Before jumping into model selection we need to understand with what type of problem we are confronting. In the present dataset, the dependable variable that has to be predicted is categorical. It can take only two values, 0 or 1, successful or failure, therefore it is a classification problem. There were four candidates algorithms used in the modeling phase. Logistic Regression, Decision Tree Classifier, Random Forest Classifier and Bernoulli Naive Bayes Classifier. All the models were imported into the development environment from scikit-learn library. Logistic Regression was the first choice due to its simplicity in implementation, efficiency and ease of results interpretation. Because it is a commonly used algorithm in binary classification problems it seemed as a good starting point. Hence this algorithm cannot work with string values, a few more transformations were needed, specifically converting some features in dummy variables. Next I separated the features in independent and dependent, afterwards the dataset was split in two parts, one for training the model and another one for testing. The split ratio was 70/30. Then the model was created, fed with the training data and evaluated by calculating multiple metrics from the confusion matrix.
The data collected for this project comprises of descriptive information regarding crowdfunding campaigns. In the data analysis phase the aim is to
reveal and discuss the findings.
The most ambitious goals are set for “film&video” projects, yet in every single category the successful campaigns have smaller goals then the failed ones.
And overall to access the funding is recommended to ask for up to 25,000 U.S. dollars.

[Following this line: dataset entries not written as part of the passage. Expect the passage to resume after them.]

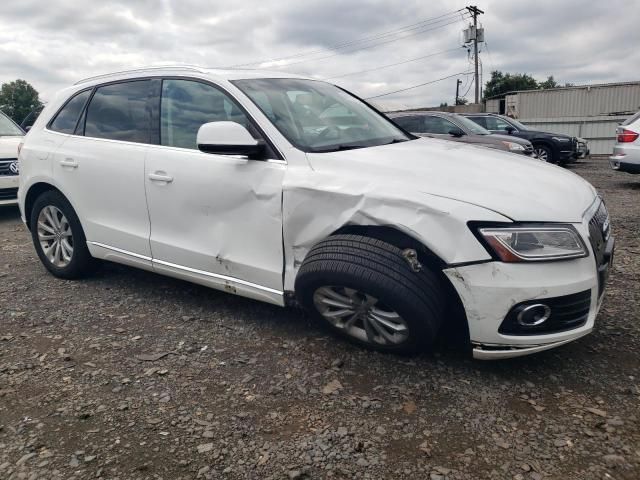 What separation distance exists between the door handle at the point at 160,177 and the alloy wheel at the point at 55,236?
118 cm

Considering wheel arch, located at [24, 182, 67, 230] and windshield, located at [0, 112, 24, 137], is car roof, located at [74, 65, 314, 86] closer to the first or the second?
wheel arch, located at [24, 182, 67, 230]

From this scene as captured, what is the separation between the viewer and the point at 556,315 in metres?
2.54

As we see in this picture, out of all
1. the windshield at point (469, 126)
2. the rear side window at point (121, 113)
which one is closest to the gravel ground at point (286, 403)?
the rear side window at point (121, 113)

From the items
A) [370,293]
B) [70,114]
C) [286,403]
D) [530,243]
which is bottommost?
[286,403]

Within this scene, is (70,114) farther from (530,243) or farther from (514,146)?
(514,146)

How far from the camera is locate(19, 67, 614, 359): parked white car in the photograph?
2.52 m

It is easily remarkable that projects with titles that contains around 15 words are more likely to succeed, although if the description reaches approximately
30 words, the name length seems to be irrelevant.

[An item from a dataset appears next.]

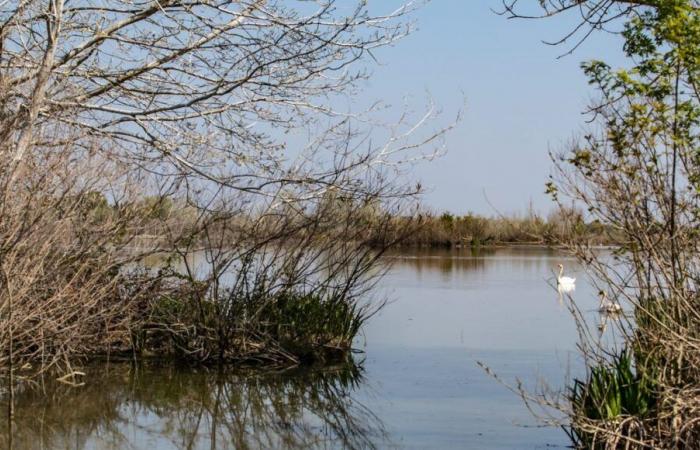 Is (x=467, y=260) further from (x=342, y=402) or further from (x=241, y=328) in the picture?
(x=342, y=402)

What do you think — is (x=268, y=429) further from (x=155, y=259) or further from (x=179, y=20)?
(x=179, y=20)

An interesting feature of the dataset is “staff_picked”, which states if the campaign was selected by the crowdfunding platform and promoted. Although probably
“staff_picked” is not influencing only by itself the success rate, it is noticeable that the campaigns promoted by the crowdfunding platform have a 80% chance
of accessing the funding.
The results from the models applied to the dataset are controversial, the first algorithm, Logistic Regression has unacceptable accuracy but very high specificity,
meaning that will predict correctly when a campaign is not successful 90 times out of 100. The Decision Tree Classifier performed better overall, with an accuracy
score of approximately 70% and much higher sensitivity. On the down side there was a decrease in specificity and it requires more computation power. The Bernoulli
Naive Bayes Classifier has behaved similarly to the previously mention model, there was an insignificant increase in accuracy and perhaps a faster period of
training. The best candidate for this classification problem proved to be the Random Forest Classifier algorithm, despite the fact that it has the longest training
period it obtained the best scores. An accuracy of almost 76% and a specificity of 86%. I believe that even better results could be reached, by tuning the Random
Forest Classifier and executing a more accurate data cleaning and more comprehensive exploratory analysis on the dataset.